EventVestor: Contract Wins

In this notebook, we'll take a look at EventVestor's Contract Wins dataset, available on the Quantopian Store. This dataset spans January 01, 2007 through the current day, and documents major contract wins by companies.

Blaze

Before we dig into the data, we want to tell you about how you generally access Quantopian Store data sets. These datasets are available through an API service known as Blaze. Blaze provides the Quantopian user with a convenient interface to access very large datasets.

Blaze provides an important function for accessing these datasets. Some of these sets are many millions of records. Bringing that data directly into Quantopian Research directly just is not viable. So Blaze allows us to provide a simple querying interface and shift the burden over to the server side.

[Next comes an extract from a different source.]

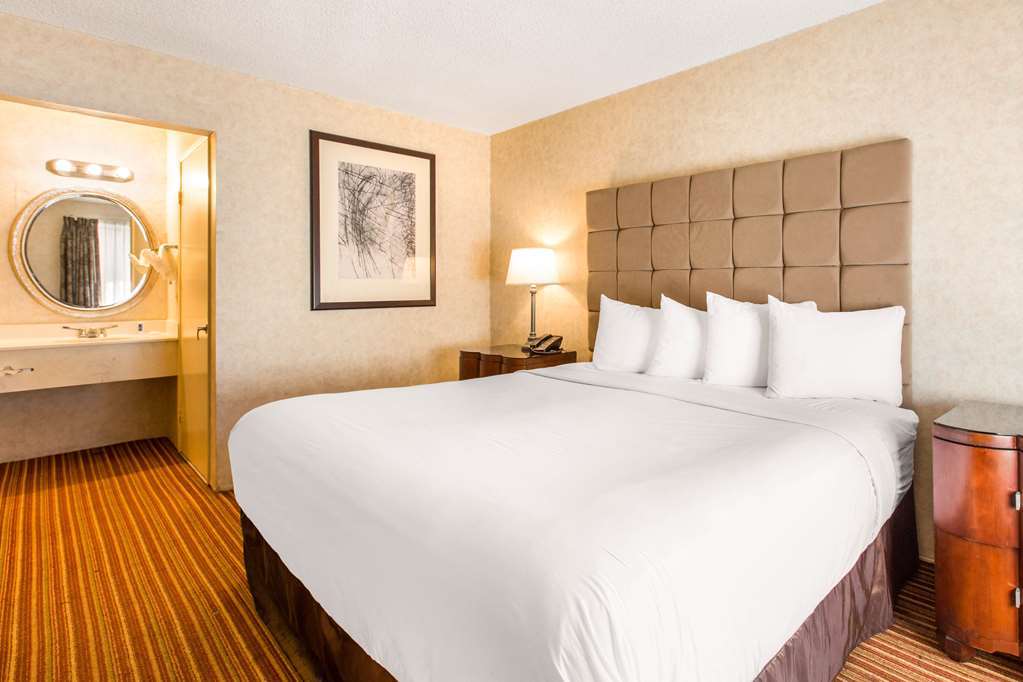 Rodeway Inn & Suites El Cajon San Diego East Bilik gambar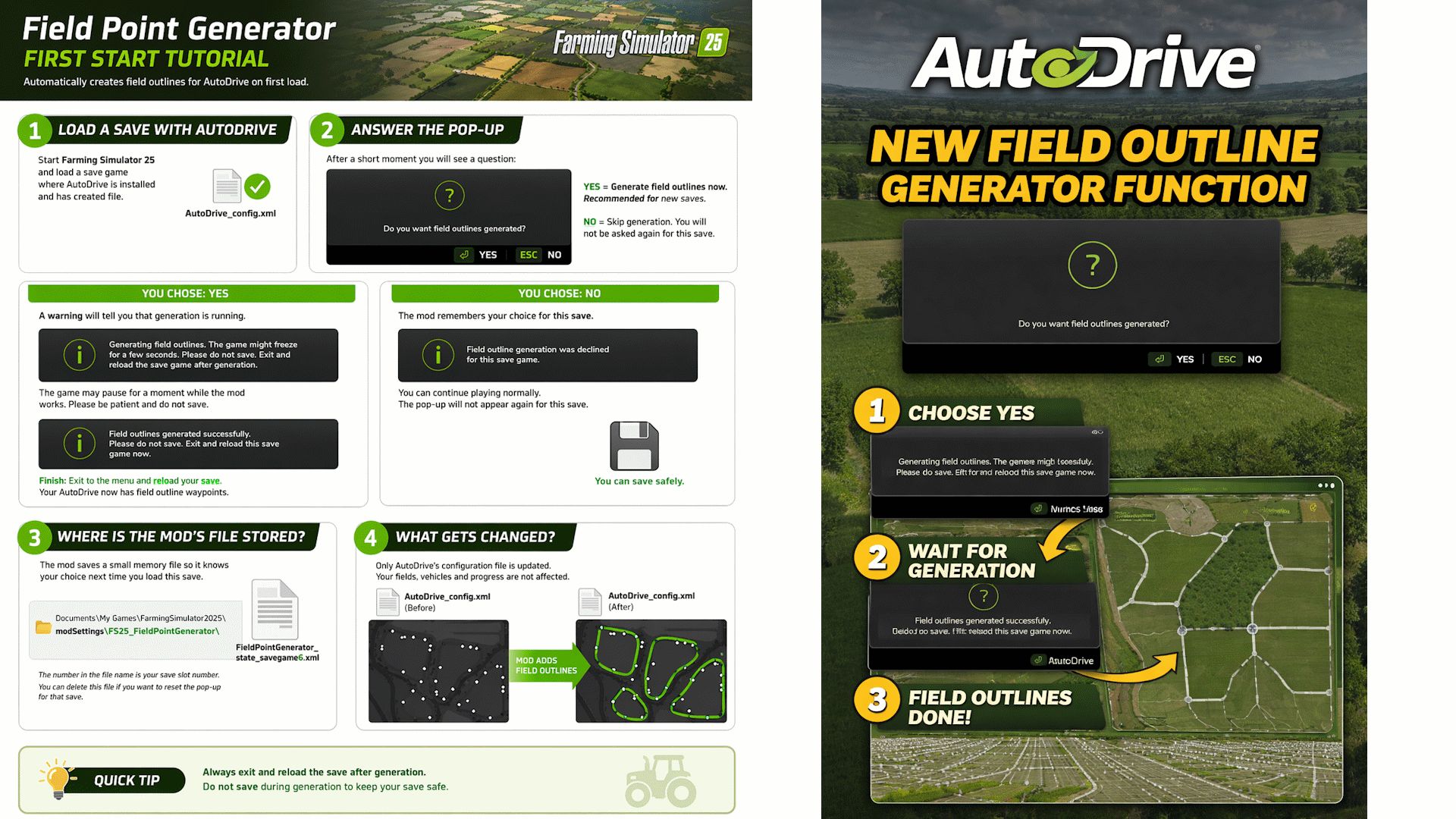 Field Point Generator v1.0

It is common to use Blaze to reduce your dataset in size, convert it over to Pandas and then to use Pandas for further computation, manipulation and visualization.

Helpful links:

Once you've limited the size of your Blaze object, you can convert it to a Pandas DataFrames using:

from odo import odo
odo(expr, pandas.DataFrame)

Free samples and limits

One other key caveat: we limit the number of results returned from any given expression to 10,000 to protect against runaway memory usage. To be clear, you have access to all the data server side. We are limiting the size of the responses back from Blaze.

There is a free version of this dataset as well as a paid one. The free one includes about three years of historical data, though not up to the current day.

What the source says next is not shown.